Symantec Security Response, USA
Editor: Helen Martin

Abstract

Can the principles of logic be applied to the daily task of file analysis? Mircea Ciubotariu gives it a go.


Table of contents

Using analogies with the principles of logic, this article will look at the processes that Security Response Engineers (SREs) employ on a daily basis to make their decisions about incoming files and anticipate the future shape of the industry based on it.

Old rules

An old proverb goes something like this: when one adds a pint of clean water to a barrel of sewer water one gets a barrel of sewer water, and when one adds a pint of sewer water to a barrel of clean water one gets… a new barrel of sewer water.

Considering the clean water as a logic true statement and the sewer water as a logic false statement, the proverb expresses a long known principle of logic: adding a true statement (pint of clean water) to several ‘&’ (AND operator) chained false ones (barrel of sewer water) results in an overall false statement, just the same as adding a false statement to several ‘&’ chained true ones also results in an overall false statement.

One of the main duties of SREs is to determine whether a given file may pose a threat to the environment in which it would be deployed and to take necessary steps to prevent such a threat from materializing.

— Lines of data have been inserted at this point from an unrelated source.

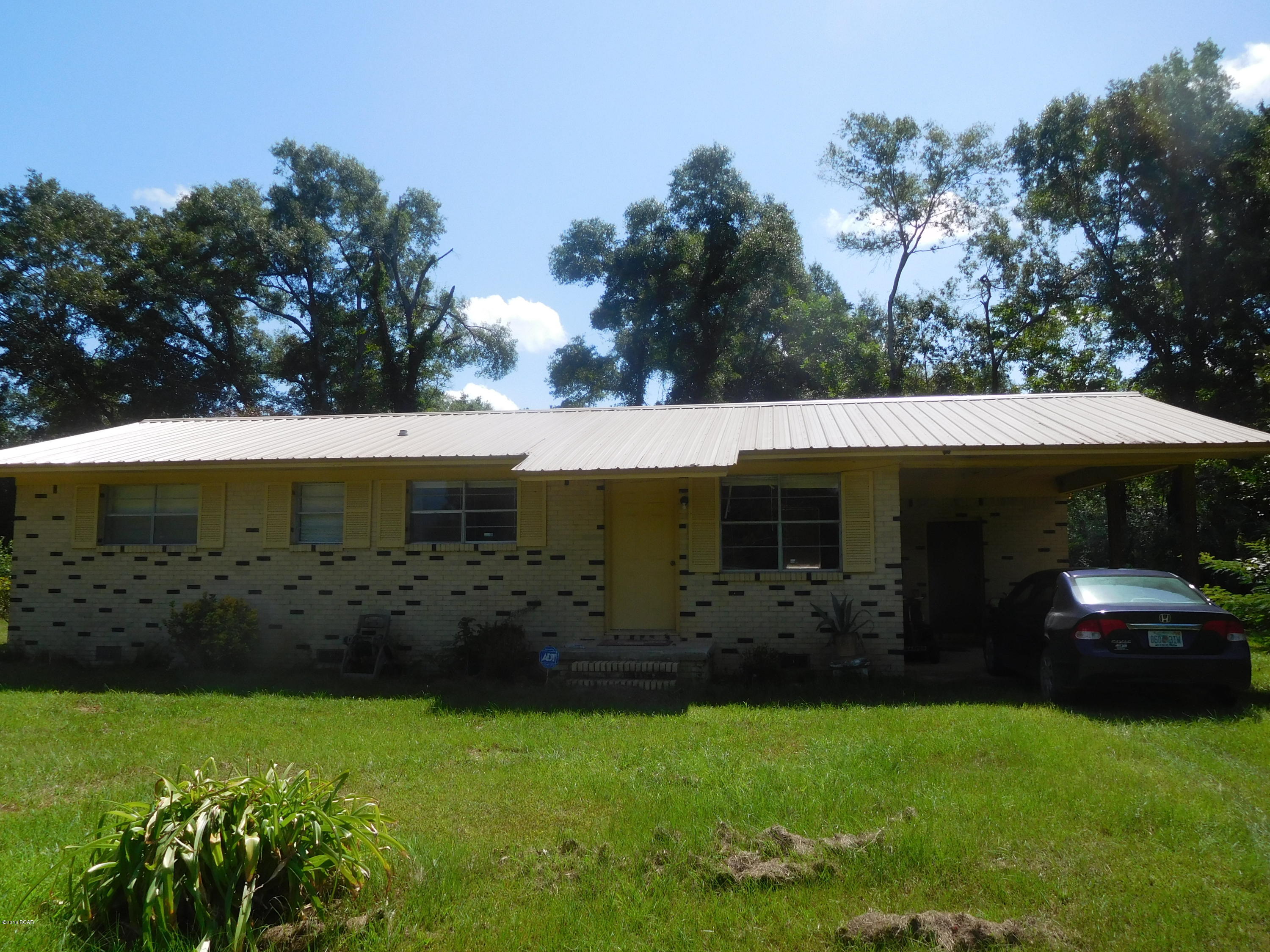 Nice three bedroom one and half bath home on 5 acres. This Brick  Ranch home sits high on a hill. Homes has hardwood floors through out,and newer appliances. Newer metal roof.  Beautiful yard and fields.Older pole barn and yard Building. Have your small farm or peaceful retirement home in a very popular area. Close to beaches and Panama City.Nice private location .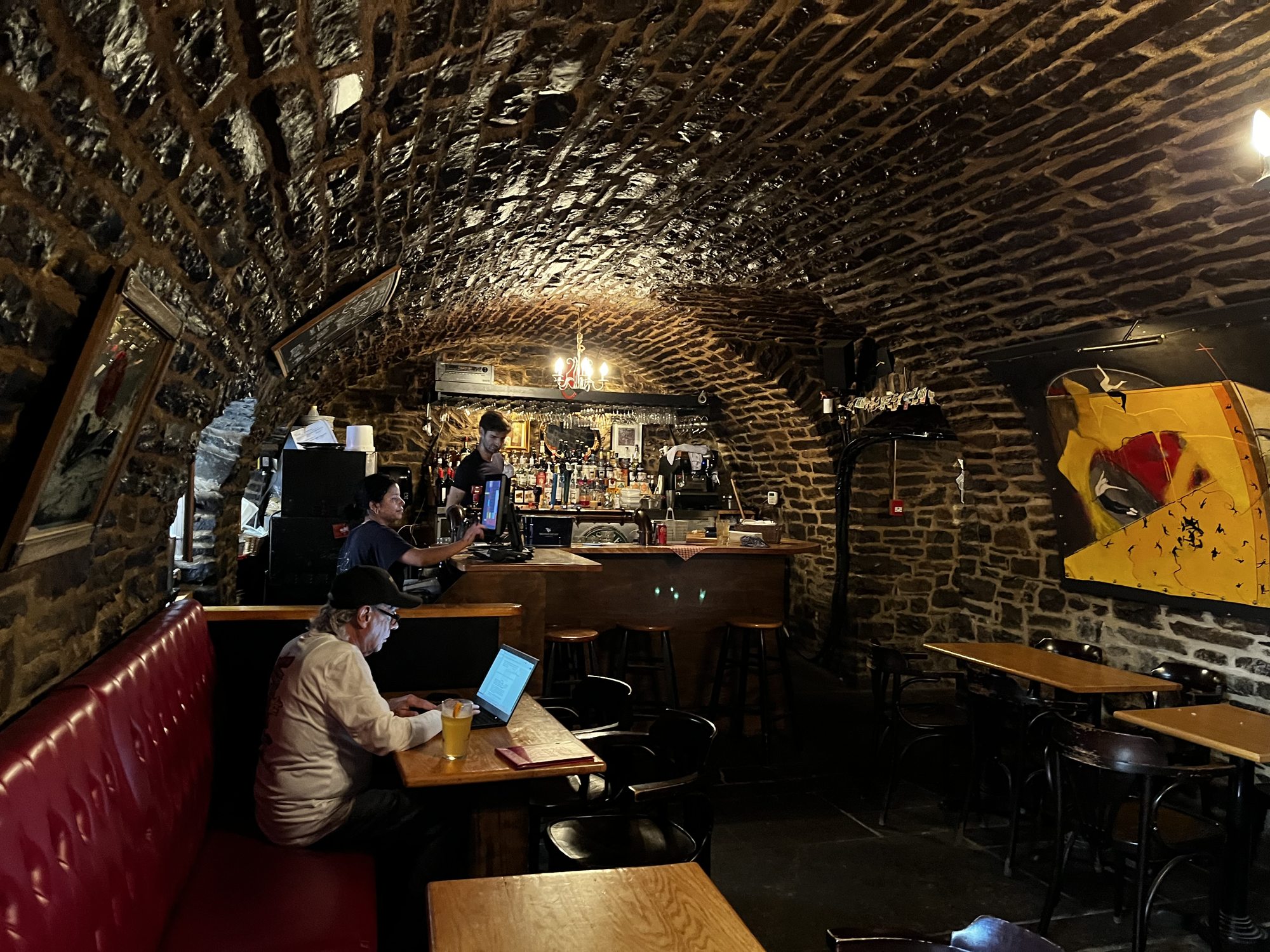 The vaulted stone interior of a historic Quebec City tavern — exposed brick arches overhead, a long wooden bar in the background, red leather banquettes, a stone wall with paintings hung on it, low warm lighting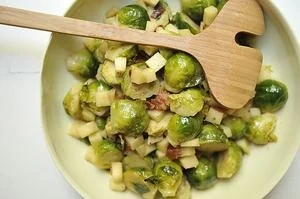 Brussels sprouts with bacon and onions in cast iron skillet with wooden serving spoon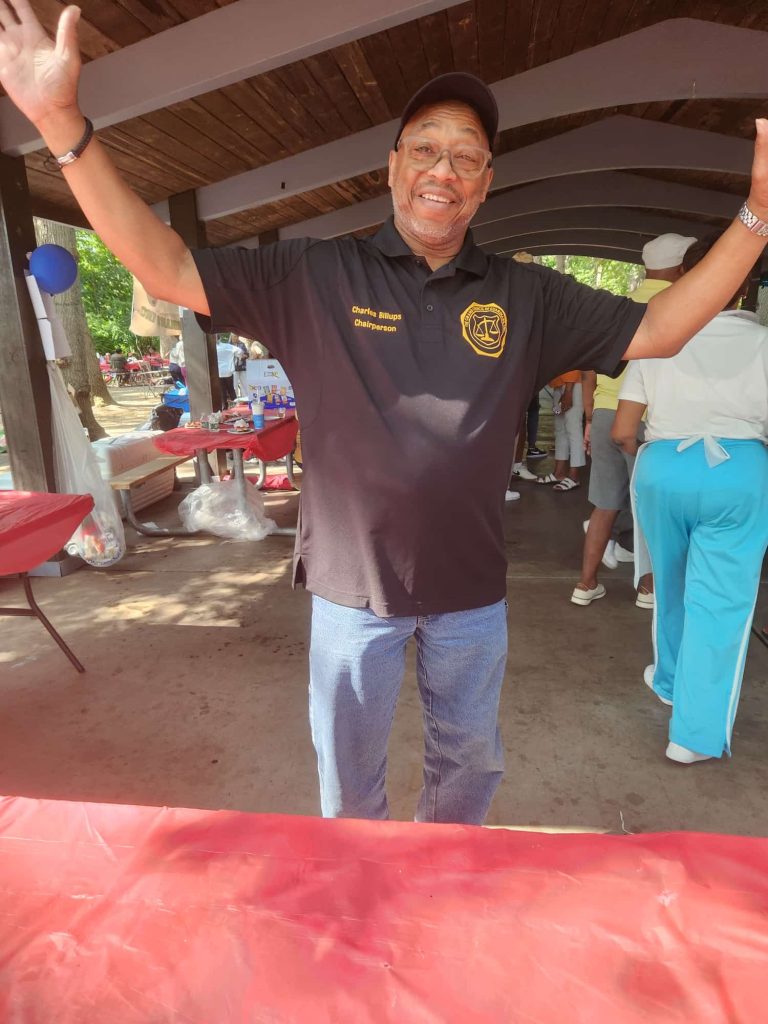 11th annual outing man with hand raised in celebration.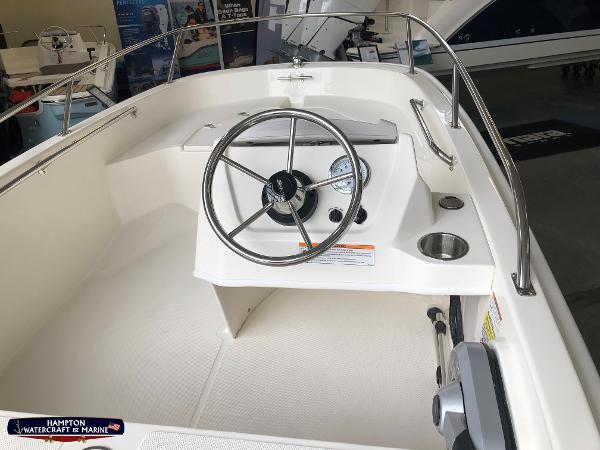 Slide: The Image of 2023 Boston Whaler 130 Super Sport boat interior with steering wheel and control panel. - 4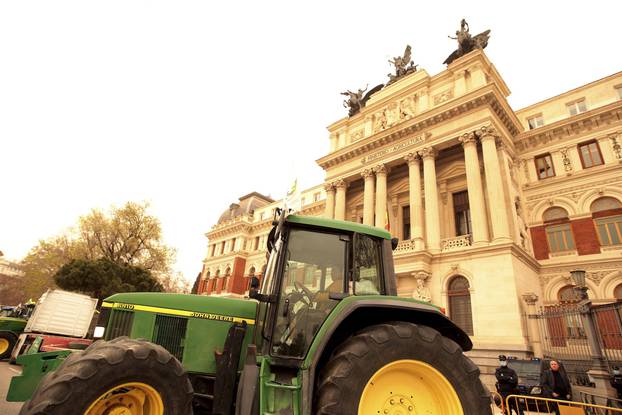 Farmers protest in the center of Madrid on a day of haze from the Sahara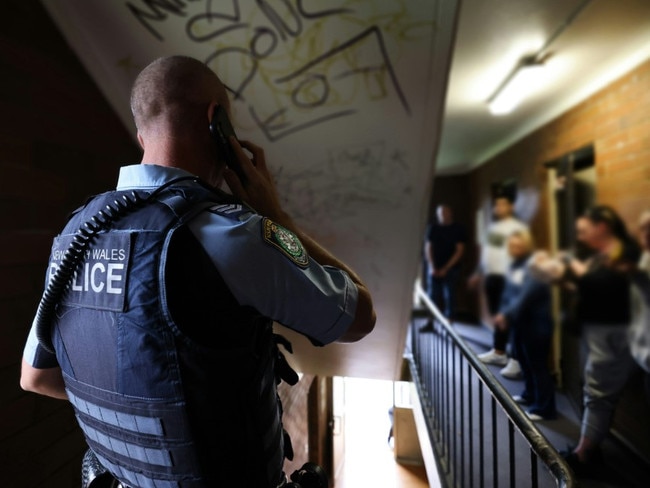 Police searching an apartment block in Sydney during the blitz: Picture: NSW Police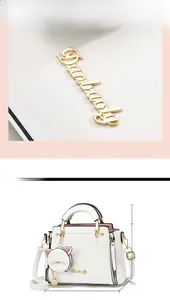 Detailed view of white textured handbag with gold logo and cat charm sizing dimensions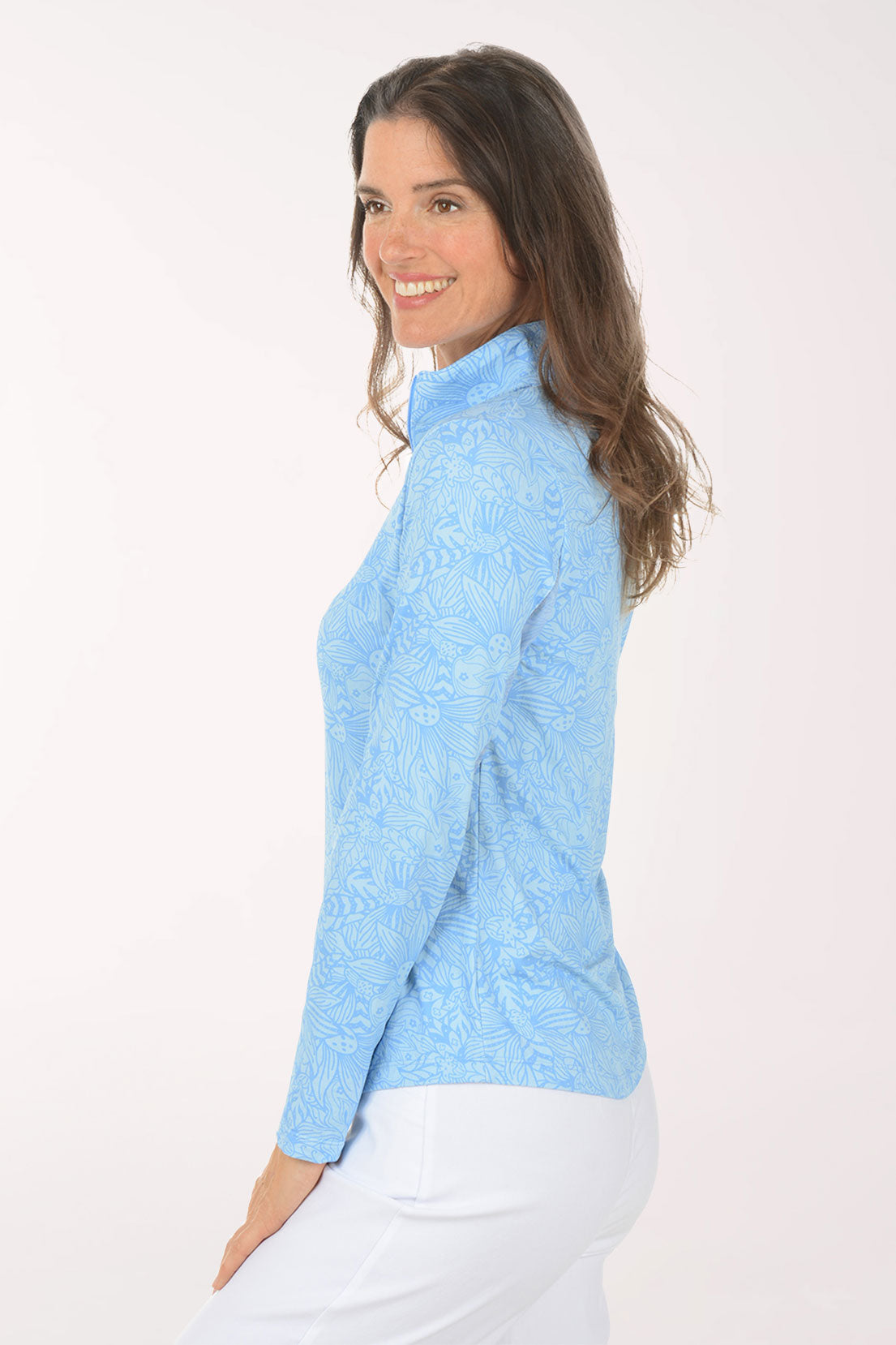 Woman wearing a light blue long-sleeve shirt with mesh accents on a white background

To do this, the SRE needs to look within the file for specific sequences of code or commands that may perform unwanted or malicious actions in the deployment environment.

Such a file subjected to analysis may be expressed as a (long) logical sequence similar to this one:

S = P1 & P2 & P3 & … & Pi & … & Pn

where each Pi represents a fundamental block in the file, performing one atomic action, or a statement in the logic parallel. (Note that in reality the above expression may also contain other logical operators such as ‘IF/THEN’; nonetheless in order to evaluate the whole file one must evaluate each individual Pi.)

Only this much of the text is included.